Agent skill

rag-hybrid-search

Hybrid search combining semantic and keyword retrieval for RAG pipelines. Implement BM25 + dense vector search with fusion strategies.

Stars 514
Forks 31

Install this agent skill to your Project

npx add-skill https://github.com/a5c-ai/babysitter/tree/main/library/specializations/ai-agents-conversational/skills/rag-hybrid-search

SKILL.md

rag-hybrid-search

Implement hybrid search combining semantic vector retrieval with keyword-based BM25 search for improved RAG pipeline accuracy and recall.

Overview

Hybrid search addresses the limitations of pure semantic or pure keyword search:

  • Semantic search excels at conceptual similarity but may miss exact matches
  • Keyword search finds exact terms but lacks semantic understanding
  • Hybrid combines both for superior retrieval performance

Capabilities

Search Strategies

  • Dense vector semantic search (embeddings)
  • Sparse vector keyword search (BM25, TF-IDF)
  • Hybrid fusion with configurable weighting
  • Reciprocal Rank Fusion (RRF) combination

Retrieval Configuration

  • Configure embedding models for dense search
  • Tune BM25 parameters (k1, b values)
  • Set retrieval limits and thresholds
  • Apply metadata filtering

Ranking & Reranking

  • Score normalization across search types
  • Weighted score fusion
  • Cross-encoder reranking
  • MMR (Maximum Marginal Relevance) diversity

Index Management

  • Create and update hybrid indexes
  • Batch indexing with progress tracking
  • Index optimization and maintenance
  • Multi-index federation

Usage

Basic Hybrid Search with LangChain

python
from langchain_community.retrievers import BM25Retriever
from langchain_community.vectorstores import Chroma
from langchain.retrievers import EnsembleRetriever
from langchain_openai import OpenAIEmbeddings

# Create documents
docs = [...]  # Your document chunks

# Dense retriever (semantic)
embeddings = OpenAIEmbeddings()
vectorstore = Chroma.from_documents(docs, embeddings)
dense_retriever = vectorstore.as_retriever(search_kwargs={"k": 5})

# Sparse retriever (BM25)
bm25_retriever = BM25Retriever.from_documents(docs)
bm25_retriever.k = 5

# Hybrid ensemble
hybrid_retriever = EnsembleRetriever(
    retrievers=[bm25_retriever, dense_retriever],
    weights=[0.4, 0.6]  # Adjust based on use case
)

# Query
results = hybrid_retriever.invoke("How do I configure the system?")

Reciprocal Rank Fusion

python
def reciprocal_rank_fusion(results_lists: list, k: int = 60) -> list:
    """
    Combine multiple ranked lists using RRF.
    k is a constant (typically 60) for smoothing.
    """
    fused_scores = {}

    for results in results_lists:
        for rank, doc in enumerate(results):
            doc_id = doc.metadata.get("id", str(doc.page_content[:50]))
            if doc_id not in fused_scores:
                fused_scores[doc_id] = {"doc": doc, "score": 0}
            fused_scores[doc_id]["score"] += 1 / (k + rank + 1)

    # Sort by fused score
    sorted_docs = sorted(
        fused_scores.values(),
        key=lambda x: x["score"],
        reverse=True
    )

    return [item["doc"] for item in sorted_docs]

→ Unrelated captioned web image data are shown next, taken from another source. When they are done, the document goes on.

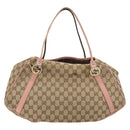 GUCCI GG Canvas Hand Bag Beige Gold 232963 Auth 154443-2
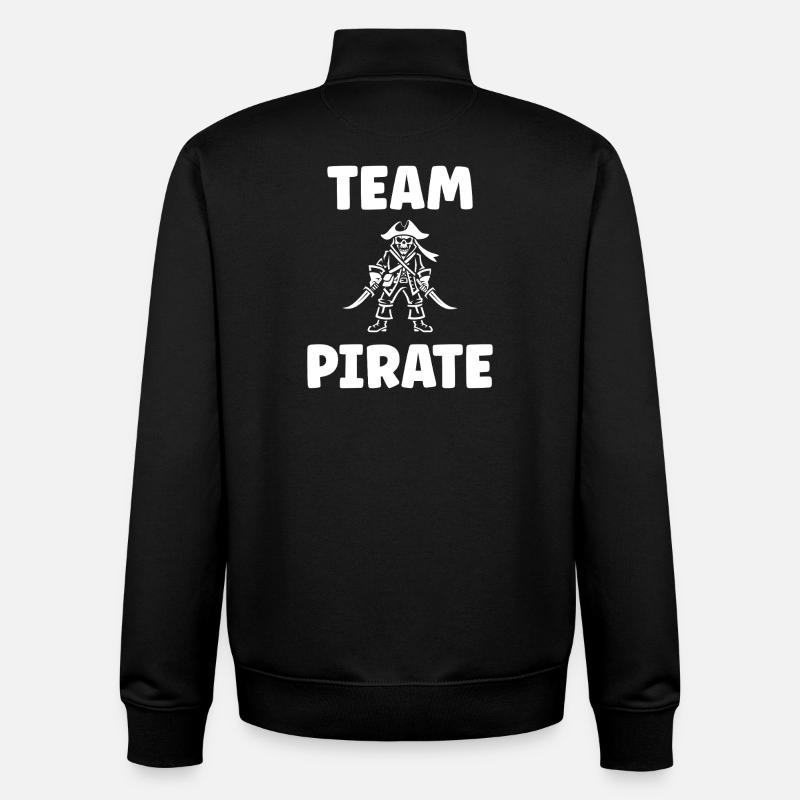 Equipe Pirate Silhouette - Sweat zippé unisexe en coton bio Stanley/Stella - noir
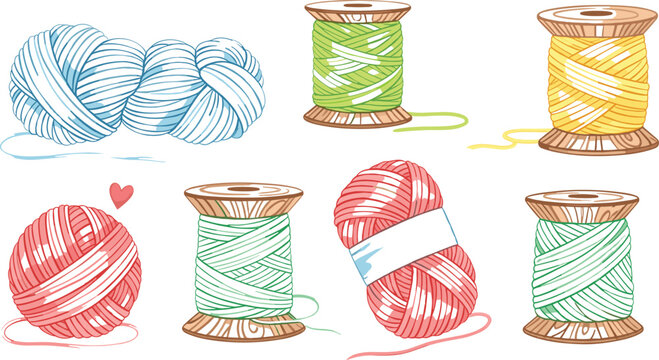 Watercolor Knitting and Sewing Icon Set with Colorful Yarn Balls and Wooden Thread Spools for Crafting Blogs, Tailor Shop Branding, Handmade Hobbyist Logos, and DIY Project Graphic Designs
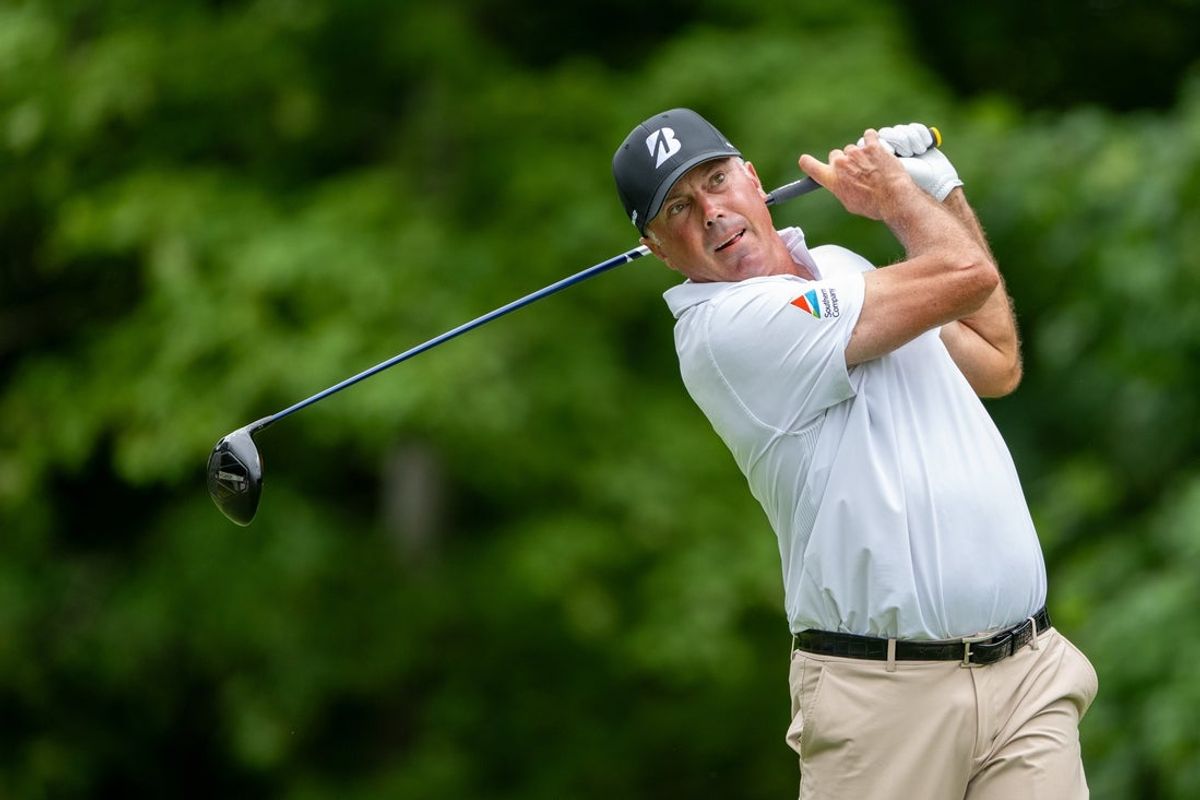 Jul 6, 2025; Silvis, Illinois, USA; Matt Kuchar tees off on the 2nd hole during the final round of the John Deere Classic golf tournament. Mandatory Credit: Marc Lebryk-Imagn Images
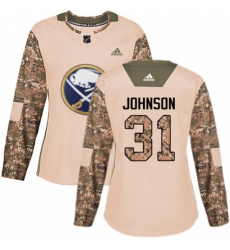 Women's Adidas Buffalo Sabres #31 Chad Johnson Authentic Camo Veterans Day Practice NHL Jersey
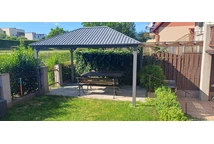 Sardinia 3x4 Metall-Pavillon mit Vorhängen und Moskitonetz Garden Point anthrazit
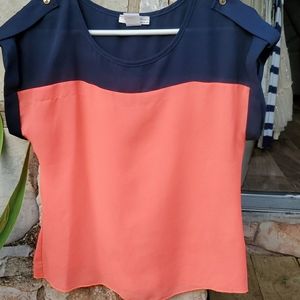 Navy & Neon Pink Agaci top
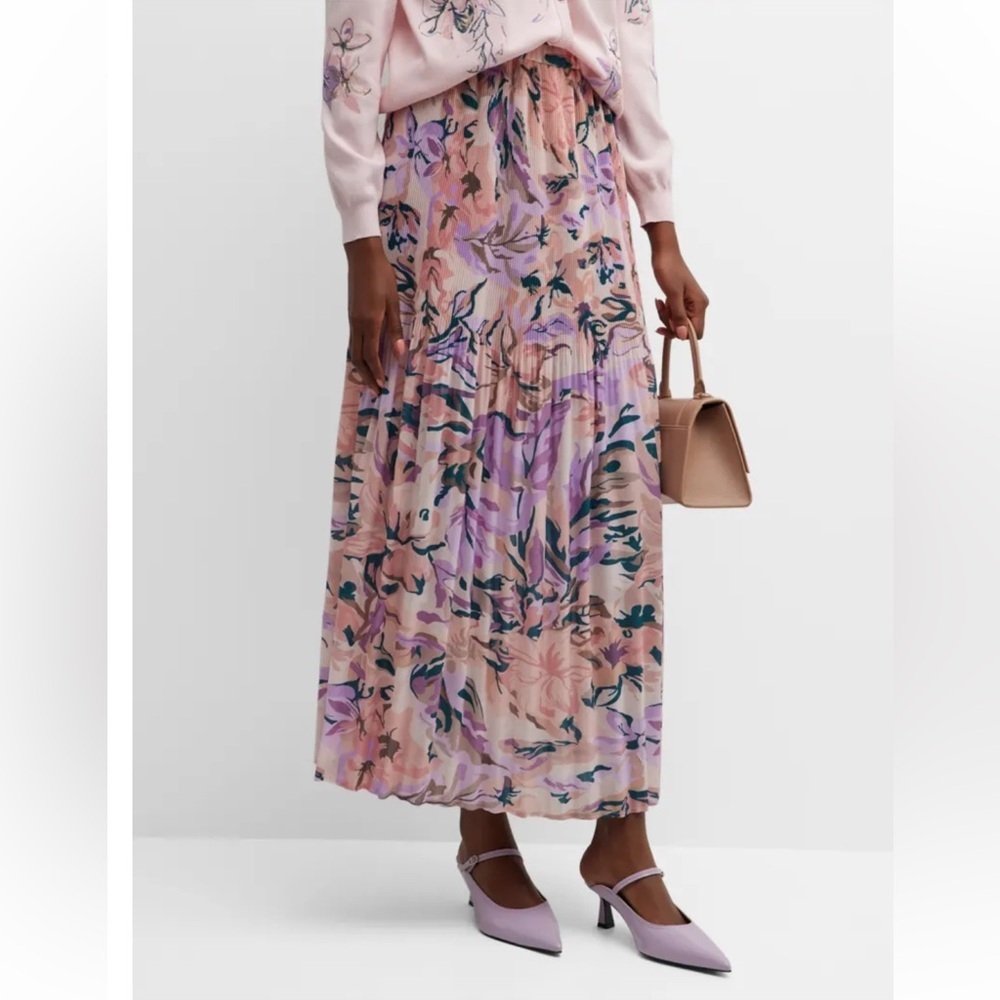 Misook Women’s Crepe De Chine Floral Print Pleated Maxi Skirt NWT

# Use with multiple retrievers
semantic_results = dense_retriever.invoke(query)
keyword_results = bm25_retriever.invoke(query)
hybrid_results = reciprocal_rank_fusion([semantic_results, keyword_results])

Pinecone Hybrid Search

python
from pinecone import Pinecone
from pinecone_text.sparse import BM25Encoder

# Initialize Pinecone
pc = Pinecone(api_key="your-api-key")
index = pc.Index("hybrid-index")

# Prepare sparse encoder
bm25 = BM25Encoder()
bm25.fit(corpus)  # Fit on your document corpus

def hybrid_query(query: str, alpha: float = 0.5, top_k: int = 10):
    """
    Query with hybrid search.
    alpha: weight for dense vectors (1-alpha for sparse)
    """
    # Get dense embedding
    dense_embedding = embeddings.embed_query(query)

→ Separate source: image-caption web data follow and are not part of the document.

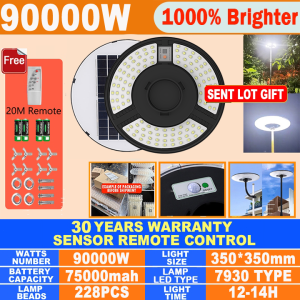 [Free shipping]UFO Solar Street Light Outdoor Waterproof IP67 500000W Heavy Duty Energy Saving Solar Lights Garden Motion Sensor  Automatic Spot light  With Solar Panel remoter control Stable light Radar mode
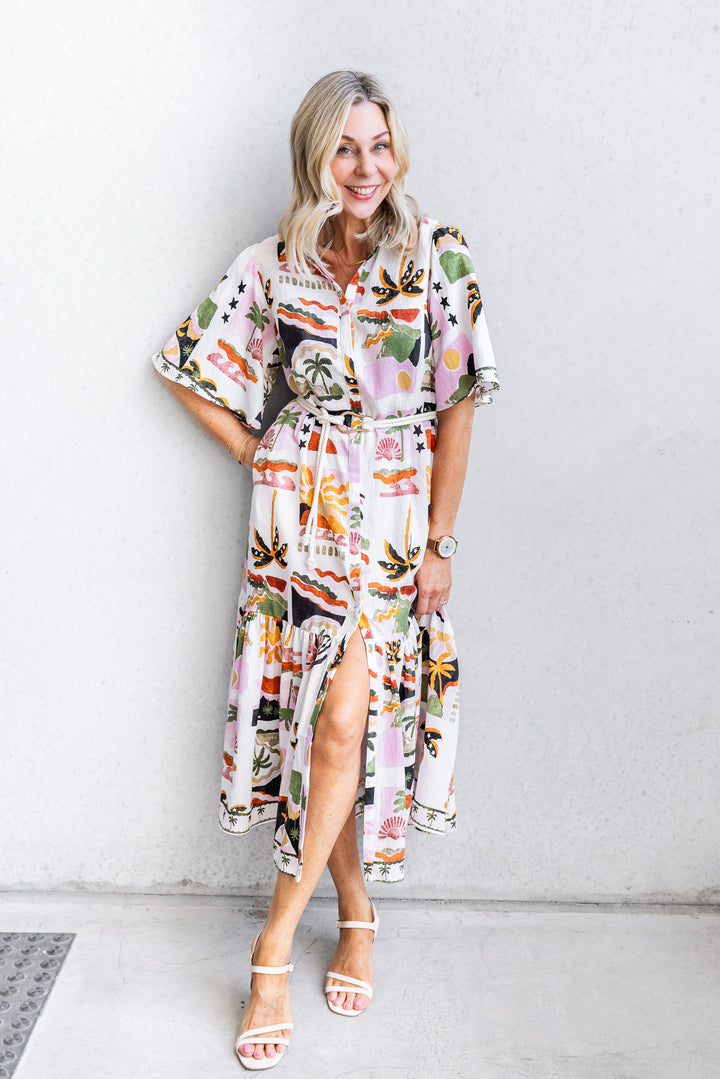 Sunny Palm Midi Dress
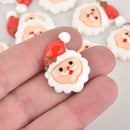 10 Santa Claus Cabochons, Resin, 29mm, cab0577
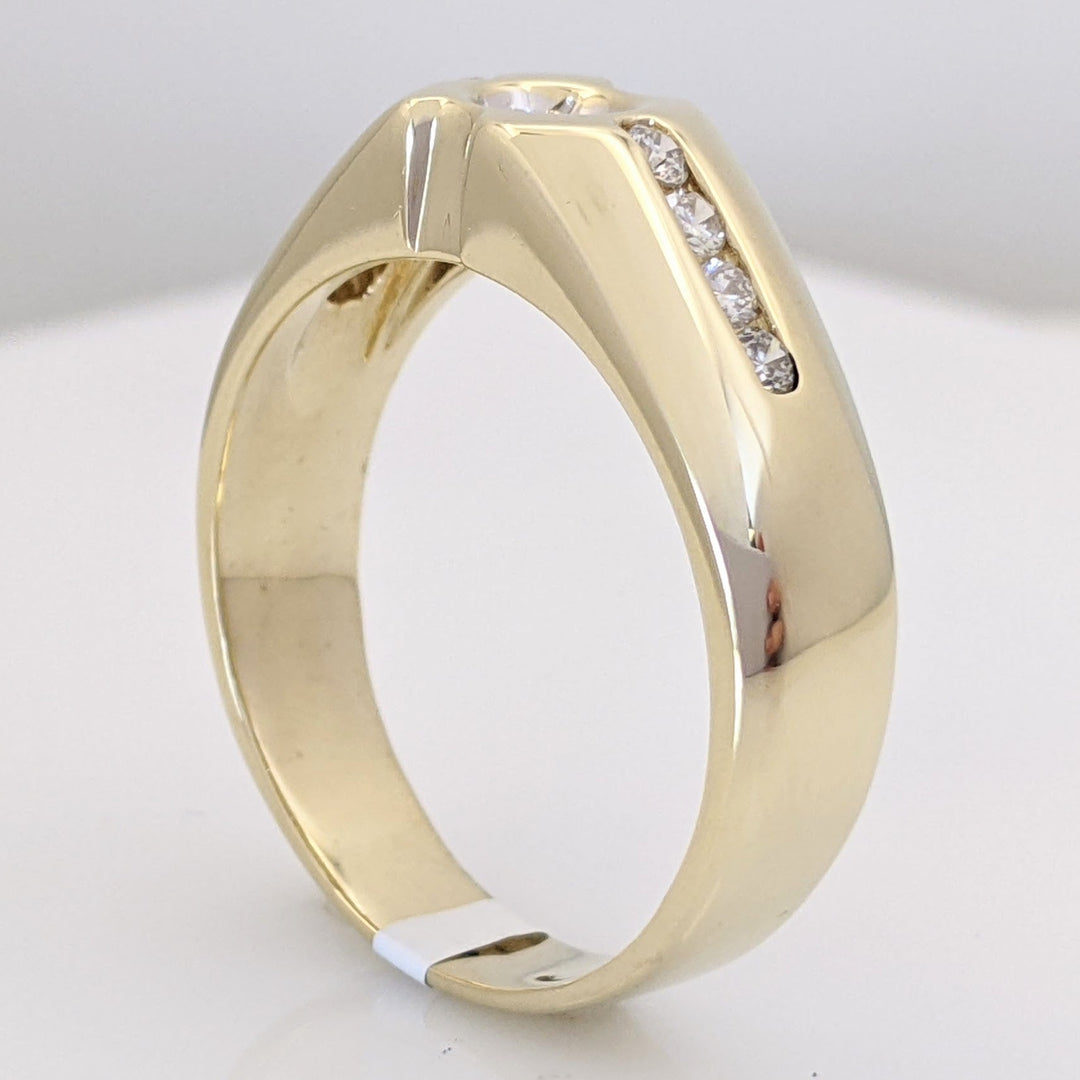 14K .58 CARAT TOTAL WEIGHT SI2 I DIAMOND ROUND (9) BEZEL CENTER ESTATE RING 9.4 GRAMS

    # Get sparse embedding
    sparse_embedding = bm25.encode_queries([query])[0]

    # Hybrid query
    results = index.query(
        vector=dense_embedding,
        sparse_vector=sparse_embedding,
        top_k=top_k,
        include_metadata=True
    )

    return results

Weaviate Hybrid Search

python
import weaviate

client = weaviate.Client("http://localhost:8080")

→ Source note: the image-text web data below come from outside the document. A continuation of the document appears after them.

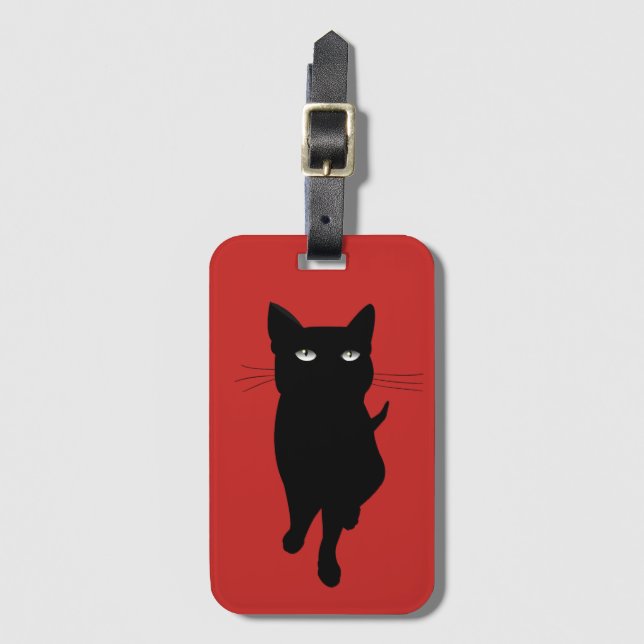 Étiquette À Bagage Chat noir félin mignon (Devant Vertical)
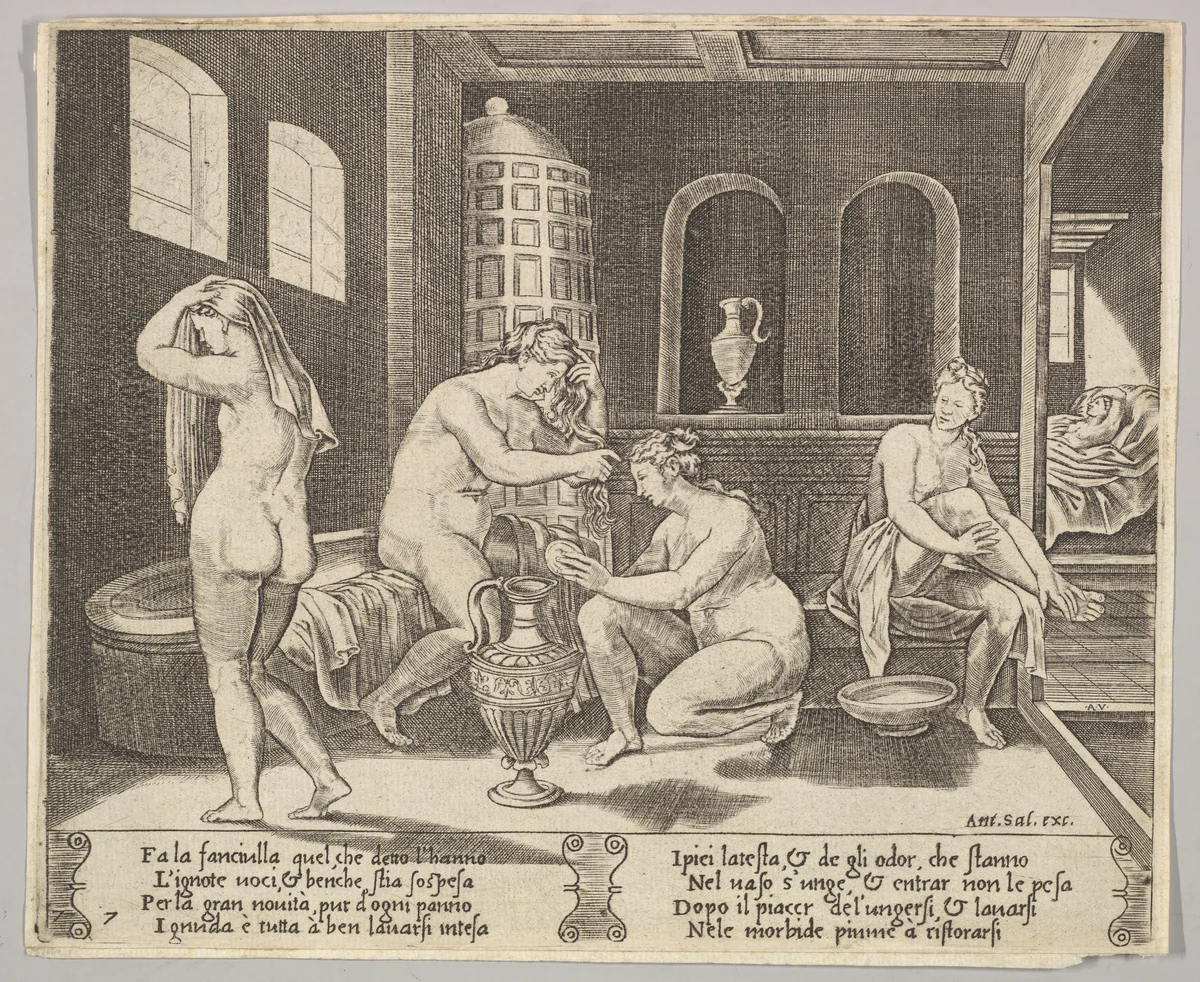 Plate 7: Psyche attended in her bath by nymphs, in the background right Psyche represented again laying in bed, from "The Fable of Cupid and Psyche" by Agostino Veneziano, print, 1515-1525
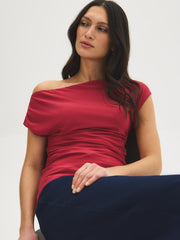 Asymmetrical Ruched Top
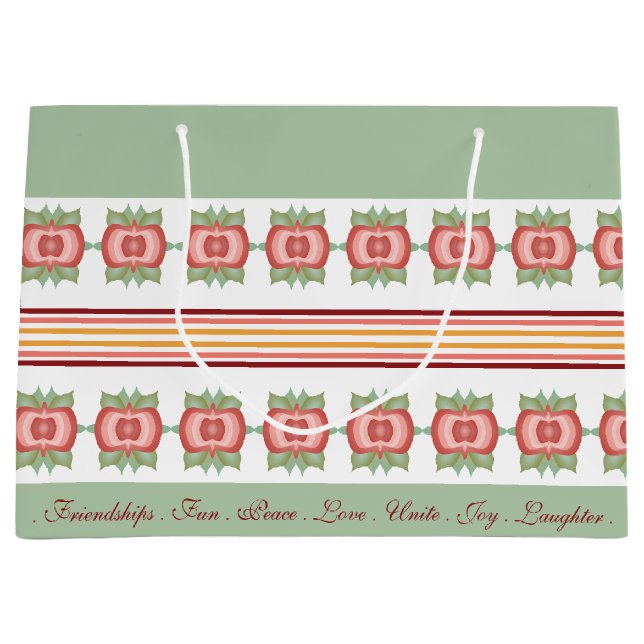 Teal Green With Stripe Pattern Accented Gift Bag (Front)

def weaviate_hybrid_search(query: str, alpha: float = 0.5, limit: int = 10):
    """
    Weaviate native hybrid search.
    alpha: 0 = pure BM25, 1 = pure vector
    """
    result = (
        client.query
        .get("Document", ["content", "title", "metadata"])
        .with_hybrid(
            query=query,
            alpha=alpha,
            properties=["content", "title"]
        )
        .with_limit(limit)
        .do()
    )

    return result["data"]["Get"]["Document"]

Task Definition

javascript
const ragHybridSearchTask = defineTask({
  name: 'rag-hybrid-search-setup',
  description: 'Configure hybrid search for RAG pipeline',

  inputs: {
    vectorStore: { type: 'string', required: true },  // 'pinecone', 'weaviate', 'chroma', etc.
    embeddingModel: { type: 'string', default: 'text-embedding-3-small' },
    bm25Params: { type: 'object', default: { k1: 1.5, b: 0.75 } },
    fusionStrategy: { type: 'string', default: 'rrf' },  // 'rrf', 'weighted', 'custom'
    denseWeight: { type: 'number', default: 0.6 },
    topK: { type: 'number', default: 10 }
  },

  outputs: {
    retrieverConfigured: { type: 'boolean' },
    indexStats: { type: 'object' },
    artifacts: { type: 'array' }
  },

  async run(inputs, taskCtx) {
    return {
      kind: 'skill',
      title: `Configure hybrid search with ${inputs.vectorStore}`,
      skill: {
        name: 'rag-hybrid-search',
        context: {
          vectorStore: inputs.vectorStore,
          embeddingModel: inputs.embeddingModel,
          bm25Params: inputs.bm25Params,
          fusionStrategy: inputs.fusionStrategy,
          denseWeight: inputs.denseWeight,
          topK: inputs.topK,
          instructions: [
            'Validate vector store connection and configuration',
            'Set up dense embedding pipeline',
            'Configure BM25/sparse encoding',
            'Implement fusion strategy',
            'Test retrieval quality with sample queries',
            'Document configuration and tuning parameters'
          ]
        }
      },
      io: {
        inputJsonPath: `tasks/${taskCtx.effectId}/input.json`,
        outputJsonPath: `tasks/${taskCtx.effectId}/result.json`
      }
    };
  }
});

Applicable Processes

  • rag-pipeline-implementation
  • advanced-rag-patterns
  • knowledge-base-qa
  • vector-database-setup

External Dependencies

  • Vector database (Pinecone, Weaviate, Chroma, Milvus, Qdrant)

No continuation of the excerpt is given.